EXERCISE GOAL: Please return the full listing word for word, leaving out any pictures.

** PROVIDED RECORDS follows **

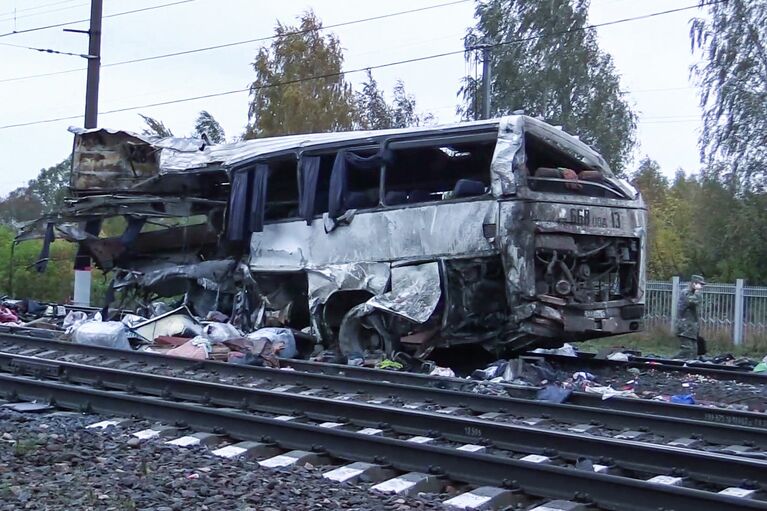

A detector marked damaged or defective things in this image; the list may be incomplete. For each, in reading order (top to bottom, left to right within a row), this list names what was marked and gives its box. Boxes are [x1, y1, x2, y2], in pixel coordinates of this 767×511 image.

shattered window [264, 158, 300, 222]
torn roof [69, 116, 616, 178]
shattered window [388, 139, 496, 207]
burned chassis [18, 119, 644, 360]
destroyed bus [21, 116, 648, 360]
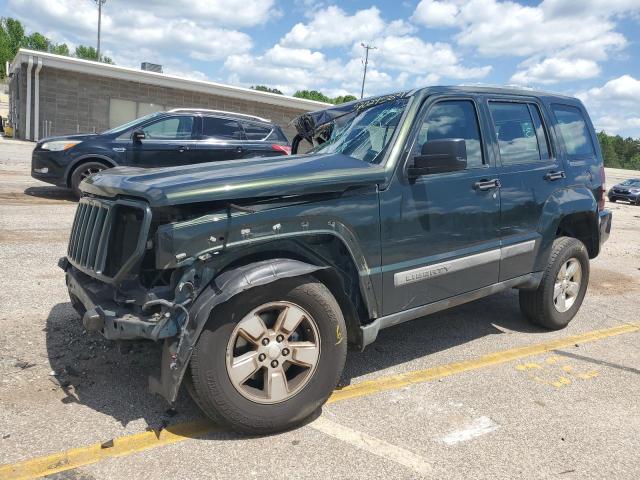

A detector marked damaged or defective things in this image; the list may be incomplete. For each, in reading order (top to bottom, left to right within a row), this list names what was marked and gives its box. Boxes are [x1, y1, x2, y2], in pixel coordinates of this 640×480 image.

exposed wheel well [67, 158, 114, 187]
exposed wheel well [556, 212, 600, 258]
crumpled front fender [149, 258, 324, 402]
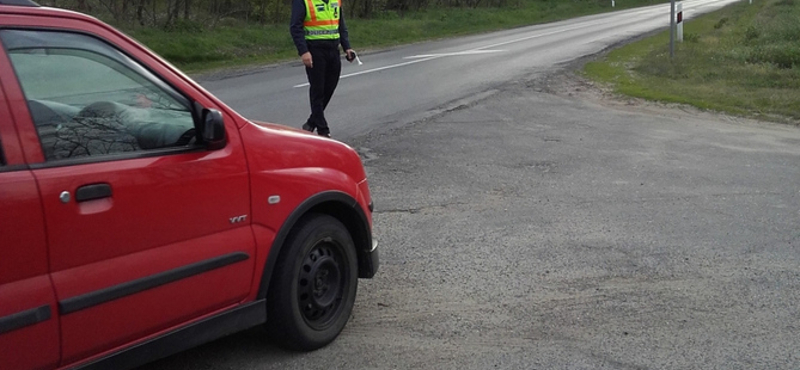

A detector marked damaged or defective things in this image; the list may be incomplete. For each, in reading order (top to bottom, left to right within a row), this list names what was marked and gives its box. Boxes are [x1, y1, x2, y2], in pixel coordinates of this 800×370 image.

cracked asphalt [139, 70, 800, 370]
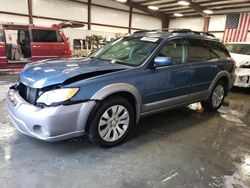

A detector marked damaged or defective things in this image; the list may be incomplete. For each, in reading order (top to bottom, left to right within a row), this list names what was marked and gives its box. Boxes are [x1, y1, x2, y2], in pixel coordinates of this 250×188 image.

damaged front bumper [233, 67, 250, 88]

** End of PROVIDED RECORDS **

RESULT FOR THIS EXERCISE:
A detector marked damaged or defective things in this image; the list may be incomplete. For each, in reading order (top to bottom, left to right within a row), this list names what was marked and gives its box. Boxes are [x1, y1, x2, y2], in pixel coordinates of this 767×511 image.

shattered window [264, 158, 300, 222]
torn roof [69, 116, 616, 178]
shattered window [388, 139, 496, 207]
burned chassis [18, 119, 644, 360]
destroyed bus [21, 116, 648, 360]

A detector marked damaged or defective things in this image; the list may be incomplete. For each, in reading order (top to bottom, left to right within a row), this list names what was marked and gives its box. Boxes are [x1, y1, x2, y2], in pixel coordinates of this 640×480 image.

exposed wheel well [67, 158, 114, 187]
exposed wheel well [556, 212, 600, 258]
crumpled front fender [149, 258, 324, 402]

A detector marked damaged or defective things in this image; the list may be incomplete. For each, in reading order (top to bottom, left to right within a row), this list names what was marked and gives its box. Boxes are [x1, y1, x2, y2], in pixel coordinates of this 800×370 image.

cracked asphalt [139, 70, 800, 370]

A detector marked damaged or defective things in this image; the list may be incomplete. For each, in reading order (top to bottom, left to right within a row), this list names what was marked and gives its box. Boxes are [x1, y1, x2, y2], in pixel coordinates of this 250×188 image.

damaged front bumper [233, 67, 250, 88]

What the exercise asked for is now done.